About Bob Crewe
Bob Crewe (1930 - 2014) was a legendary record producer for the Four Seasons and co-writer of many hit songs as well as being a visual artist. Bob had one of the most innovative and varied careers in pop music and appears as a supporting character in the Tony Award-winning Broadway musical Jersey Boys. He crossed genres with fluidity, approaching music visually, painting and sculpture aurally and back, forth and sideways. A true original, he carved out his own distinctive voice in the studios of sound and sight.*
“My work was always instinctual. I believe in chance, thrift shops, found objects. In crafting records, for instance, I might hear an old Harry James riff and weave it into a Freddie Cannon song. The sound of someone slamming the studio door might become the hook. I view art the same. In the fifties I was close to Otto Fenn, the fashion photographer, who introduced me to Andy Warhol. I was working with linen and burlap, applying resin, molding, hardening and covering it with sand, beads and shells.
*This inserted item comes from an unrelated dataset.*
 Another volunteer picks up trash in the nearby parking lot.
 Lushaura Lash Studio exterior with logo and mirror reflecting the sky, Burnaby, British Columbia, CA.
Very organic, very physical. Andy considered my stuff edgy and arranged a show at Bodley Gallery. Reviews were strong, interest high, but in the sixties the music business shot even higher.”
- Bob Crewe, 1968
The Bob Crewe Program in Art & Music at the Maine College of Art & Design was made possible by the largest gift in the College’s 135 year history, a $3 million grant from the Crewe Foundation. The program prepares students to cross traditional boundaries as musicians, performers, sound artists, and artists.